Raymond E. Gillespie on brief for petitioner.

Jennifer L. Sullivan, Assistant Attorney General, Criminal Bureau, with whom Martha Coakley, Attorney General, was on brief for respondent.

Before LYNCH, Chief Judge, GAJARSA* and LIPEZ, Circuit Judges.

LYNCH, Chief Judge.

Luis Zuluaga appeals from the district court's denial of his petition for habeas corpus relief under 28 U.S.C. § 2254, alleging his rights under Brady v. Maryland, 373 U.S. 83, 83 S.Ct. 1194, 10 L.Ed.2d 215 (1963), were violated in the state criminal proceedings. Zuluaga v. Spencer, No. Civ. A. 05-CV-11856 (D.Mass. Jan. 31, 2008). His state conviction in October 1994 was on the charge of trafficking in over two hundred grams of cocaine; his two later motions for new trial were denied.

The petitioner's theory is that the prosecutors violated Brady by not disclosing before his 1994 trial that a certain State Trooper had been found by a superior court judge in 1981 to have testified falsely before a grand jury in 1980 in an unrelated matter. Zuluaga says the state trial court erred in rejecting his second motion for new trial and that the state appeals court erroneously affirmed, on the grounds that he was not prejudiced. The state courts held this information about the Trooper was inadmissible on two separate grounds and that Zuluaga thus could not show prejudice because the evidence could not have affected the outcome of his case.

Because neither state court cited any state or federal case law, the question arose as to whether these courts had addressed the merits of the federal Brady claim. This issue would affect the lens— de novo or deferential review—through which we view his habeas petition. When a habeas claim has been adjudicated on its merits in state court, the Antiterrorism and Effective Death Penalty Act of 1996 ("AEDPA"), Pub.L. No. 104-132, 110 Stat. 1214, mandates highly deferential federal court review of state court holdings. See Williams v. Taylor, 529 U.S. 362, 403, 120 S.Ct. 1495, 146 L.Ed.2d 389 (2000). When it has not been adjudicated on the merits, under circuit law, the federal habeas court does not owe deference to the state court reasoning, but reviews the state court adjudication de novo. Pina v. Maloney, 565 F.3d 48, 54 (1st Cir.2009).

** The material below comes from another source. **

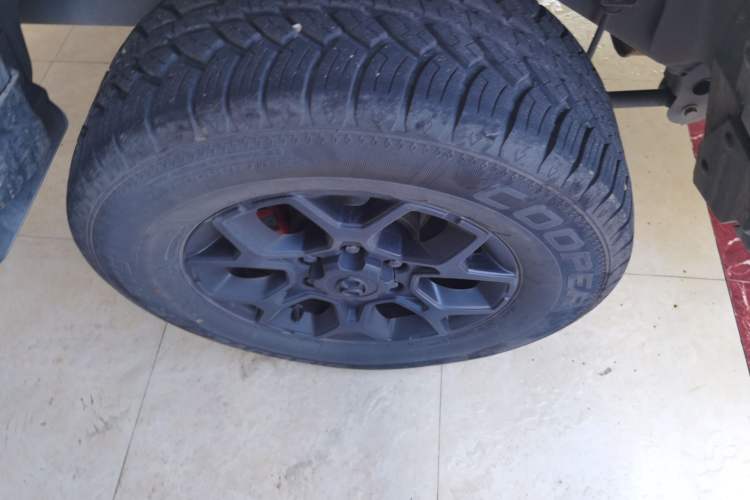 Used Beijing Auto BJ40 2019 2.3T Automatic Four-Wheel Drive Ring the Tower Champion Edition China VI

This seemingly simple rule has proven not so simple. It raises the question of whether the state court has adjudicated a federal claim on the merits when the state court has not explicitly said it has done so. We have addressed the issue when the state court cites only state law. McCambridge v. Hall, 303 F.3d 24, 35 (1st Cir. 2002) (en banc). Here, the issue is what happens when the state court cites no law, state or federal. Importantly, AEDPA's text does not say deference is owed only when the state court cites to a case.

Petitioner says he was prejudiced because he could have used the fact of the Trooper's 1980 false testimony before his own trial to cast doubt on the Trooper's affidavit in support of a body wire, that this would have led to a different outcome in the hearing to suppress the fruits of the recording, and that the evidence would have been suppressed. Absent the suppressed evidence, petitioner argues, the outcome of the trial likely would have been affected.

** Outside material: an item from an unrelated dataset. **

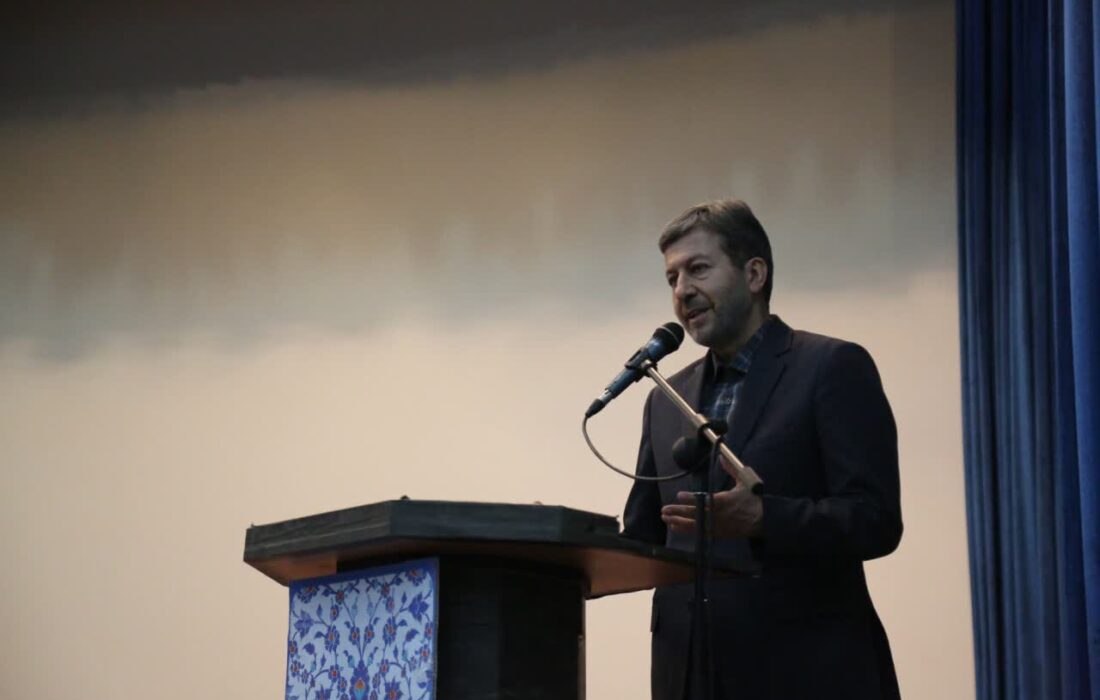 دکتر دینانی، احیاگر حکمت اشراقی و چراغ راه معرفت در دوران معاصر است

The basic facts and analysis are set forth in the district court's thoughtful opinion. We affirm largely on the basis of that opinion and add our own holdings on two issues. First, we affirm the district court's ruling that deferential review is required when it is clear that the state courts either used their own state standard, which is more generous than the federal standard, or used the federal standard, although the state courts did not cite to any case law. Second, we hold that even if the petitioner were entitled to de novo review on habeas, his petition still must be denied.

I.

We review de novo a district court's denial of habeas relief, including its determination of the appropriate standard of review of the state court proceeding. See Lynch v. Ficco, 438 F.3d 35, 44 (1st Cir.2006).

Much of petitioner's argument on appeal is devoted to his claim that his habeas petition is entitled to de novo review. The district court thoroughly evaluated this argument and properly concluded that deferential review was appropriate under AEDPA because the state court had addressed the merits of his federal claim. See Williams, 529 U.S. at 404-05, 120 S.Ct. 1495 (holding that AEDPA deference precludes habeas relief absent a showing that the state court's holding was "contrary to, or involved an unreasonable application of, clearly established Federal law"). A state court decision is "contrary to" the Supreme Court's clearly established precedents if it either applies a rule that contradicts the governing law or resolves a case differently from the Court on materially indistinguishable facts. Williams, 529 U.S. at 405, 409, 120 S.Ct. 1495. A state court decision is "an unreasonable application" of Supreme Court case law only "if the state court identifies the correct governing legal principle from [the Supreme] Court's decisions but unreasonably applies that principle to the facts of the prisoner's case." Id. at 413, 120 S.Ct. 1495.1

AEDPA deference is appropriate "with respect to any claim that was adjudicated on the merits in State court proceedings." Goodrich v. Hall, 448 F.3d 45, 48 (1st Cir.2006) (internal quotation marks omitted). By contrast, if the state court does not address the merits of a federal claim, we owe no such deference and our review is de novo. See Fortini v. Murphy, 257 F.3d 39, 47 (1st Cir.2001); see also Ellsworth v. Warden, 333 F.3d 1, 4 n. 1 (1st Cir.2003) (en banc).2

Still, we have recognized that adjudication of a constitutional claim on its merits encompasses situations in which a petitioner's claim was resolved under a state standard "that is more favorable to defendants than the federal standard." McCambridge, 303 F.3d at 35. We specifically applied the McCambridge rule to a Brady claim by a habeas petitioner in Norton v. Spencer, 351 F.3d 1 (1st Cir.2003). There the state court had cited only state law, but because that state law was more generous to defendants than corresponding federal law, we held that the subsumed federal claims had been addressed on the merits. Id. at 5.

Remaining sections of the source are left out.